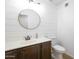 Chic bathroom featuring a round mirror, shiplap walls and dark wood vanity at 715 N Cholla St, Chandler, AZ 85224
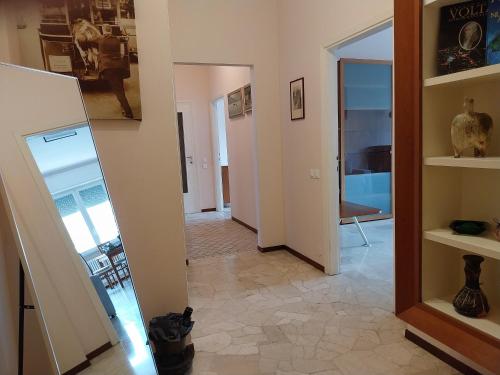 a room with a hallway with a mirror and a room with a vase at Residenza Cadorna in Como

____

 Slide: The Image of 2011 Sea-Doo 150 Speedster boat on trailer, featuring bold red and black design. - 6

____

EXERCISE DETAILS:
In the records above, find the line with "Chic bathroom featuring" and the line with "a room with a hallway". Write out exactly those lines and every one between, with no pictures and no other lines.

ANSWER AREA:
 Chic bathroom featuring a round mirror, shiplap walls and dark wood vanity at 715 N Cholla St, Chandler, AZ 85224
 a room with a hallway with a mirror and a room with a vase at Residenza Cadorna in Como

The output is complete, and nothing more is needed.